Por Juan Pablo Ojeda
La presidenta Claudia Sheinbaum Pardo expresó este martes su respaldo institucional al papa León XIV, tras las acusaciones emitidas por el mandatario estadounidense, Donald Trump. El Ejecutivo de los Estados Unidos señaló recientemente al pontífice de intervenir en asuntos de política interna y de mantener una postura antagónica hacia su administración, lo que generó una reacción diplomática desde Palacio Nacional.
Durante la conferencia «La Mañanera del Pueblo», la mandataria mexicana analizó el papel del Vaticano en la geopolítica contemporánea. Sheinbaum afirmó que las exhortaciones del Papa no constituyen una interferencia política, sino un cumplimiento de sus responsabilidades como jefe de un Estado soberano y líder de la Iglesia católica a nivel global.
La Presidenta calificó la insistencia del Papa en la no intervención y la concordia como una «posición muy cristiana». Según el análisis del Gobierno de México, los mensajes emitidos desde la Santa Sede tienen un carácter universal y no están dirigidos de manera exclusiva a la administración de Washington, sino a la comunidad internacional en su conjunto.

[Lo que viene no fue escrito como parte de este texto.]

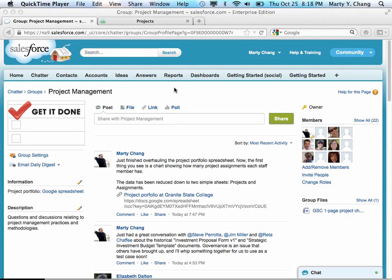Hello, this is Marty Chang from Granite State College. I just wanted to go through how we do project management and project portfolio management with some basic tools that are available to us right now.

En términos de política exterior, México alineó su discurso con la neutralidad activa que promueve el Vaticano. La administración federal enfatizó que los llamados del Papa han incluido a diversos actores en conflicto, mencionando específicamente las tensiones en Israel, como parte de una estrategia integral para garantizar la estabilidad global.
Sheinbaum Pardo puntualizó que su gobierno coincide plenamente con los principios de paz que León XIV ha difundido en sus recientes encíclicas y discursos públicos. Para México, la labor del Pontífice representa un contrapeso necesario en un contexto de escalada bélica y tensiones diplomáticas entre potencias económicas.

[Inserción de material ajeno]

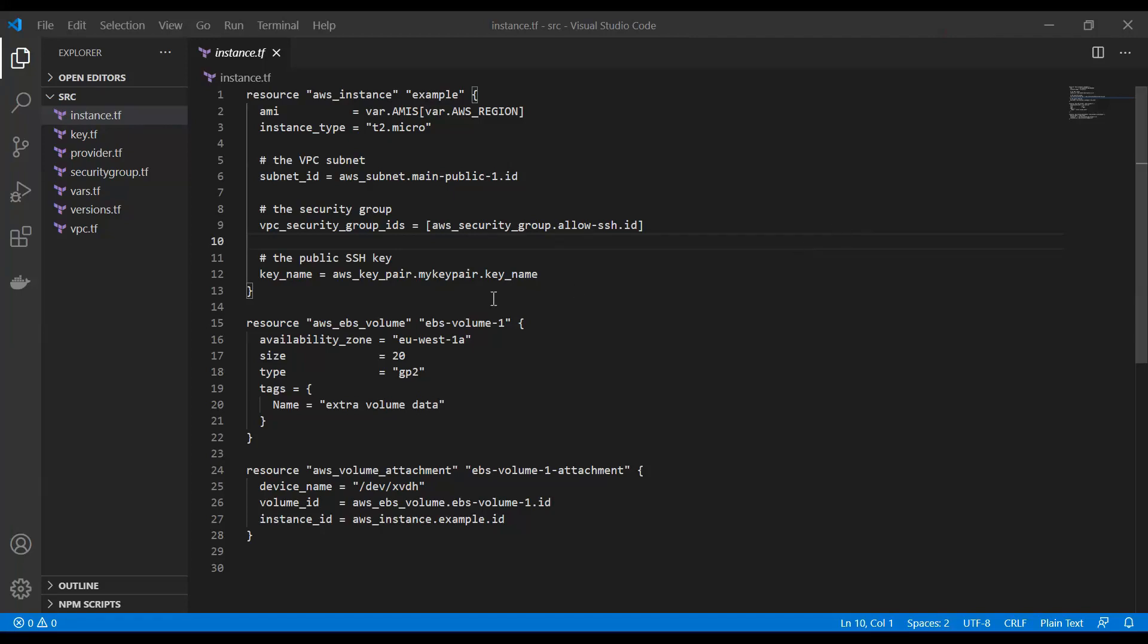Welcome to this Terraform AWS video. In this video we are going to configure Terraform for AWS and launch an EC2 instance including your VPC, private and public subnets, security groups, variables, and everything that comes with it.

«Esa siempre va a ser nuestra posición, de apoyar la paz», subrayó la mandataria, deslindando la postura mexicana de la retórica confrontativa empleada por Donald Trump. El respaldo se fundamenta en la tradición diplomática de México que favorece la solución pacífica de las controversias y el respeto a la soberanía de los Estados.
El pronunciamiento ocurre en un momento de reconfiguración en la relación bilateral México-Estados Unidos, donde la mediación de figuras internacionales como el Papa León XIV adquiere una relevancia estratégica. La defensa de la labor pontificia refuerza el eje de política exterior que la actual administración busca consolidar en foros multilaterales.